Segment Start: DATA EXCERPT
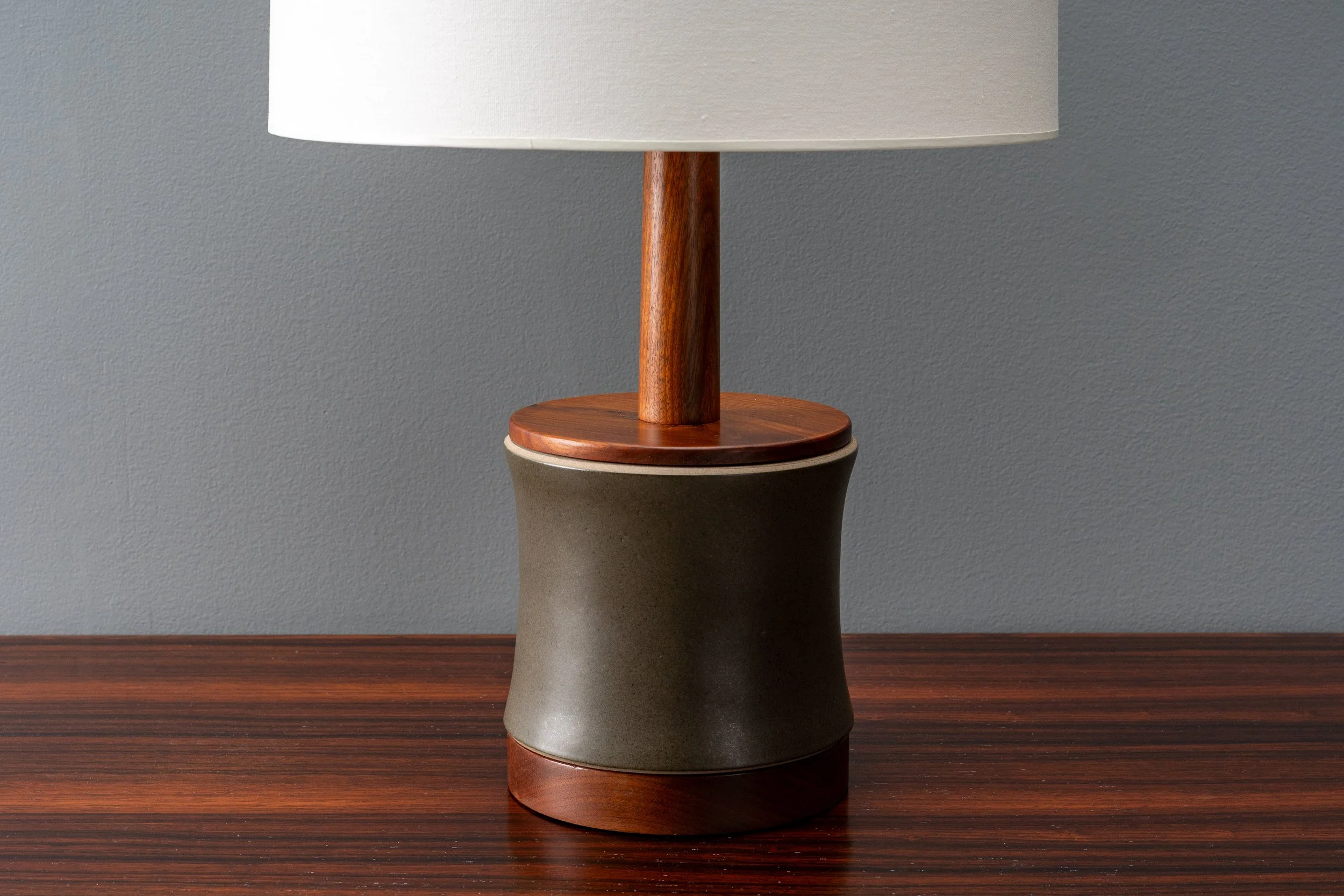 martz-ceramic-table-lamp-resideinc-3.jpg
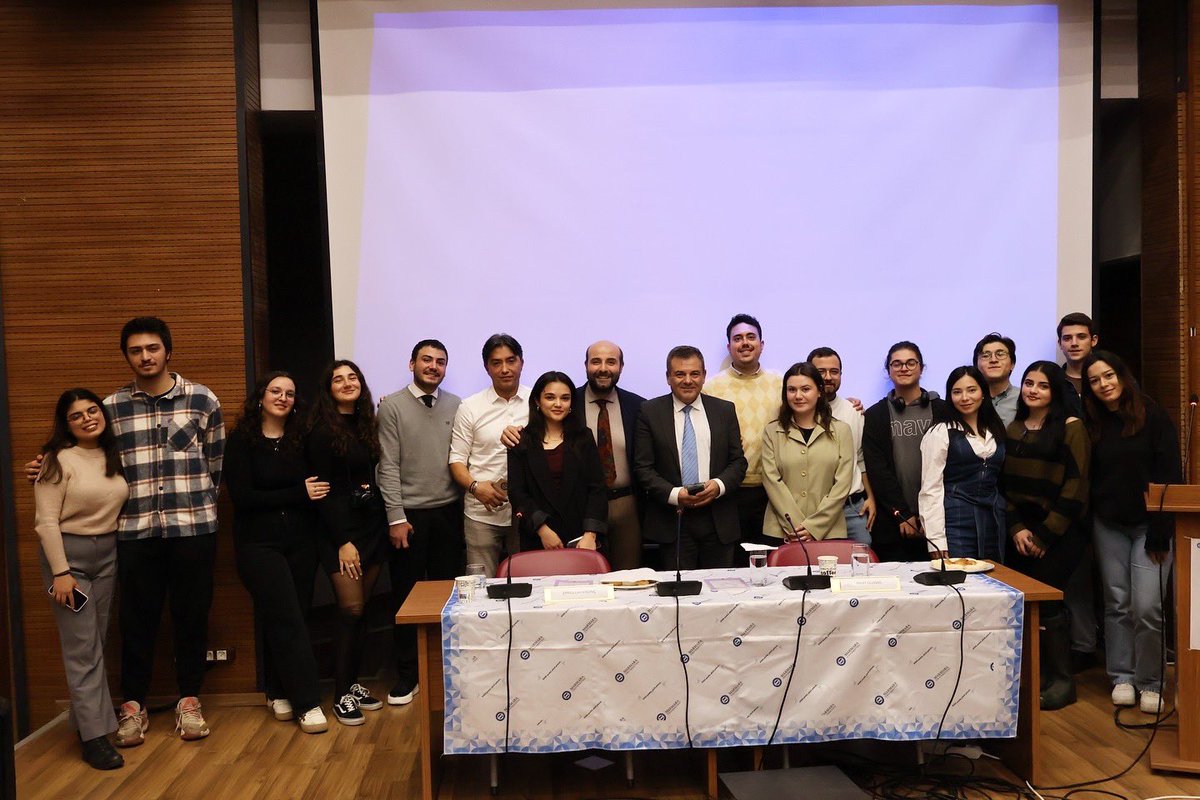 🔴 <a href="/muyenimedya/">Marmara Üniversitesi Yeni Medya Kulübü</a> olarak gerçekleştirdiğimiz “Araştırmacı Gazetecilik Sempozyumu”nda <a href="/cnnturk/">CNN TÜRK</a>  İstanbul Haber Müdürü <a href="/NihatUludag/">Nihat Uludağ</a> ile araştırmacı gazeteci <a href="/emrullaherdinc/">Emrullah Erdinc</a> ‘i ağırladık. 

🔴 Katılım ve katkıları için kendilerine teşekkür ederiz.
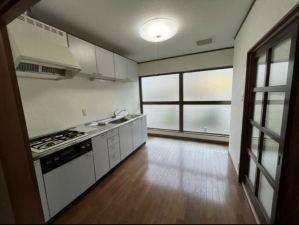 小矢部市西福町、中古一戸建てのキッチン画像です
Segment End: DATA EXCERPT
▶ **WHAT IS REQUIRED**
Please print all the data above word for word. Pictures should not appear in the copy.

▶ **SOLUTION TO THIS EXERCISE**
 martz-ceramic-table-lamp-resideinc-3.jpg
 🔴 <a href="/muyenimedya/">Marmara Üniversitesi Yeni Medya Kulübü</a> olarak gerçekleştirdiğimiz “Araştırmacı Gazetecilik Sempozyumu”nda <a href="/cnnturk/">CNN TÜRK</a>  İstanbul Haber Müdürü <a href="/NihatUludag/">Nihat Uludağ</a> ile araştırmacı gazeteci <a href="/emrullaherdinc/">Emrullah Erdinc</a> ‘i ağırladık. 

🔴 Katılım ve katkıları için kendilerine teşekkür ederiz.
 小矢部市西福町、中古一戸建てのキッチン画像です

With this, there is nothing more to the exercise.